掲載日 : [19-07-05] 照会数 : 15053
韓日友好の陶磁器美術館建設へ 陳賢徳氏「今後5年めどに」
[ 陳賢徳さんと蒐集コレクションの一部(株式会社フェドラ東京支社) ]
日本の近世以降における陶磁器生産の展開には、壬辰倭乱のときに韓半島から連行された陶工も大きな役割を果たした。代表的なのが薩摩焼、有田焼・伊万里焼、唐津焼、萩焼などだ。これらに加え、高麗時代の青磁、朝鮮時代の白磁、日本でも「高麗茶碗」として珍重された粉青沙器などを収蔵した「陶磁器美術館」(仮称)を日本で設立するのが陳賢徳さん(63、民団栃木本部議長)の夢だ。5年後のオープンを目指している。
予定通り竣工すれば、陳さんがこれまでに蒐集してきた韓半島ゆかりの陶磁器1000点余りを一堂に展示。焼きものの歴史を学べる講座も開講していく。陳さんは「身近な陶磁器を通じて、日本人の韓半島を見る目が変わってくることだろう。在日には自信につながる。
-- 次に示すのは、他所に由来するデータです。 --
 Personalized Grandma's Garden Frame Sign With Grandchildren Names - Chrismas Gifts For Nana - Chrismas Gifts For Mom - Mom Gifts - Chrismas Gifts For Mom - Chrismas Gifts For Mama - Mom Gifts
お互い仲良くなれるきっかけにしたい」と話す。
陳さんが韓半島由来の陶磁器に感心を持つようになったのは金達寿氏の小説『苗代川』だった。同小説は1966年に薩摩焼の窯元第14代沈寿官を鹿児島県の苗代川に訪ねた時の様子をほぼ事実そのままに作品化したもの。
小説を読んで感銘を受けた陳さんは九州に旅行し、第14代沈寿官氏の自宅を訪ね、初対面ながら心のこもった歓待を受けた。さらに長崎では孔子廟・中国歴史博物館を訪ね、在日華僑が日本文化の発展に貢献したとの説明書きを見て奮い立った。「陶磁器美術館」の建設はこのときに決意した。当時28歳だった。以来、今日まで決意が揺らぐことはなかたという。
55年、栃木県足利市生まれ。当時の家業が「朝鮮料理」だったことからついたあだ名が「朝鮮屋」。3歳で肋膜炎を患い、3カ月にわたり長期入院生活。そのためひ弱な体質になり、幼少時からいじめの標的に。喧嘩に負けるたび父親からげんこつの洗礼を受けた。いじめられたからこそ、韓国と日本の友好のために何かできないかと考えるようになった。「自分が体験したいじめを次の世代に持越してはならない」と。